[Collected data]
..........

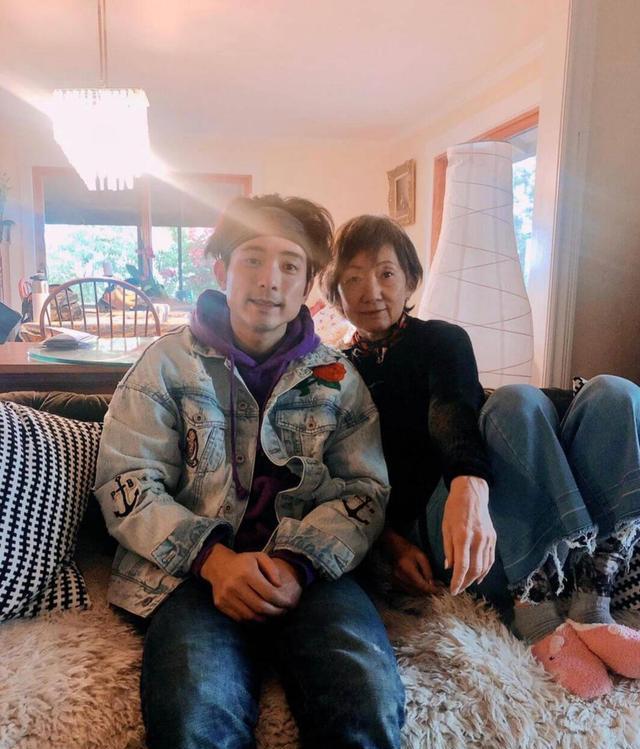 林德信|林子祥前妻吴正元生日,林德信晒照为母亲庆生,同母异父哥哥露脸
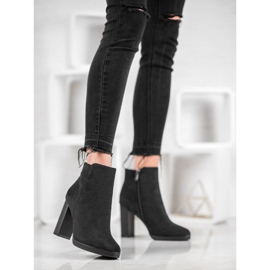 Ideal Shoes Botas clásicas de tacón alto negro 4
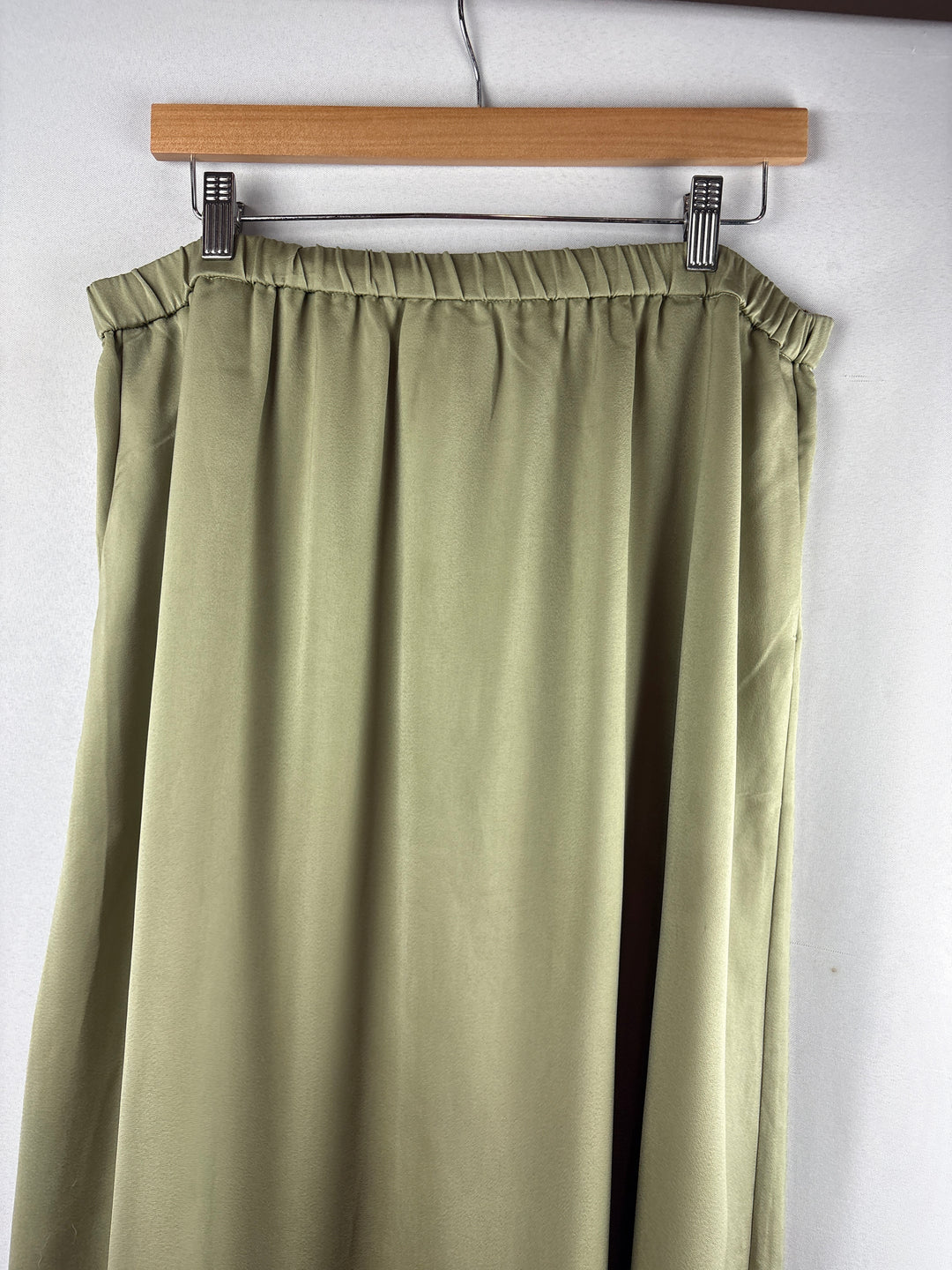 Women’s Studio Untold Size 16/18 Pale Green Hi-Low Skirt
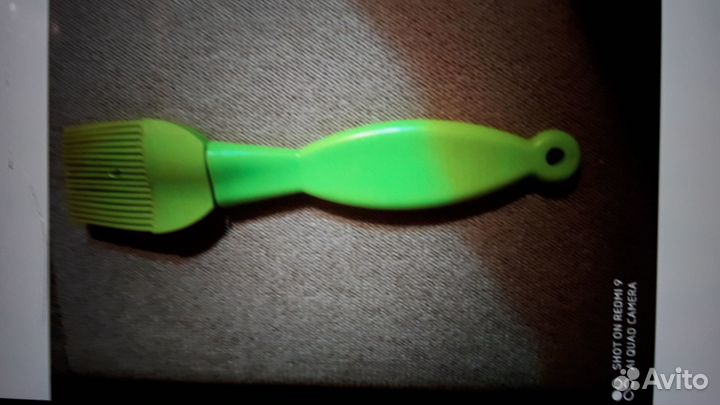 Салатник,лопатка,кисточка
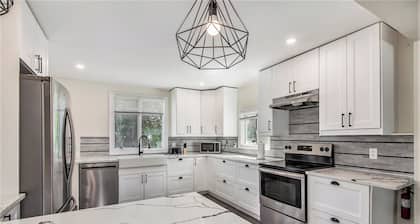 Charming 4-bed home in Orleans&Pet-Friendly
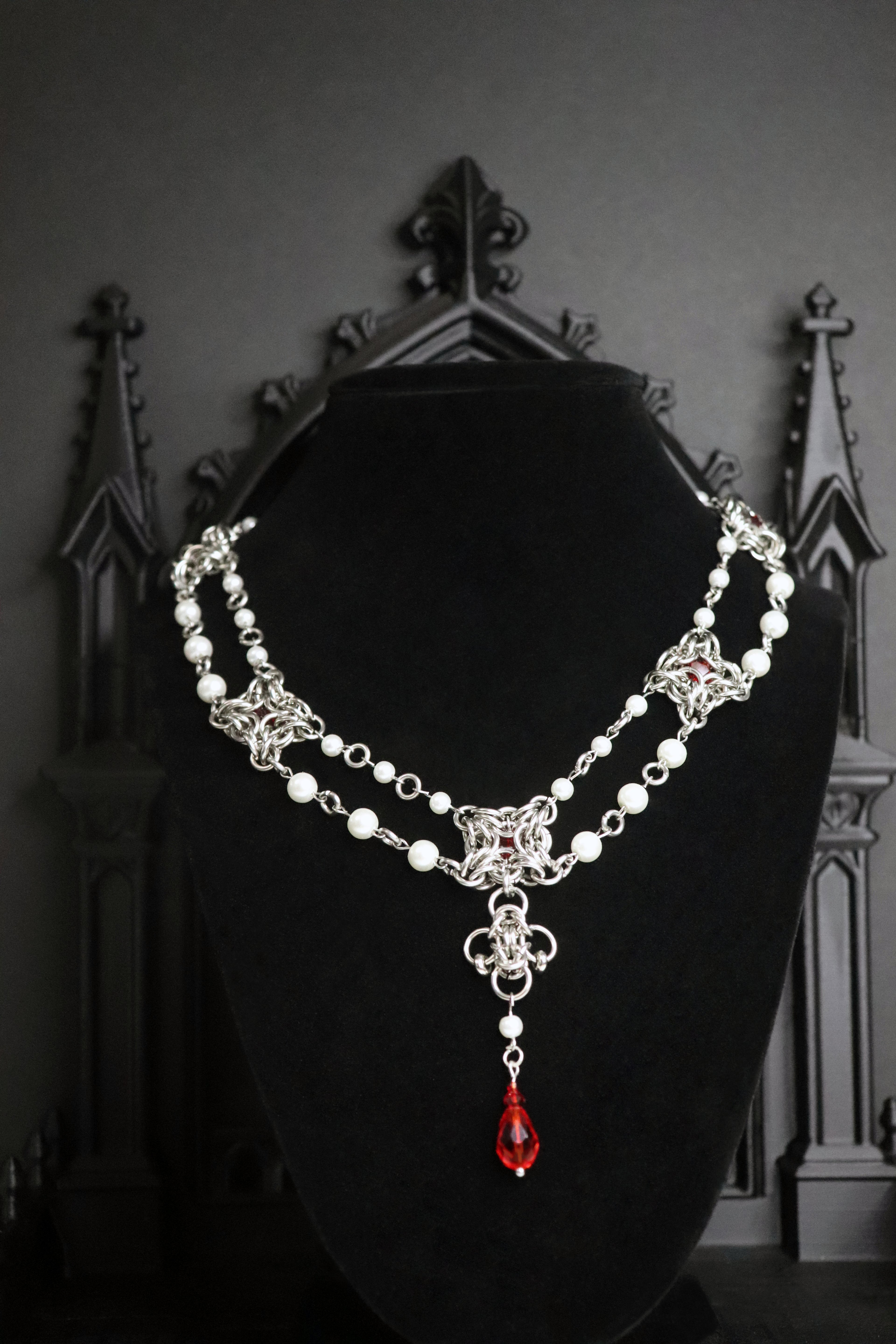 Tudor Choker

..........

- **WORK REQUEST**: From the line with "Charming 4-bed home in Orleans&Pet-Friendly" to the final line of the records, inclusive, set down the lines exactly and add nothing; leave every picture out.

- **SOLUTION TO THIS TASK**:
 Charming 4-bed home in Orleans&Pet-Friendly
 Tudor Choker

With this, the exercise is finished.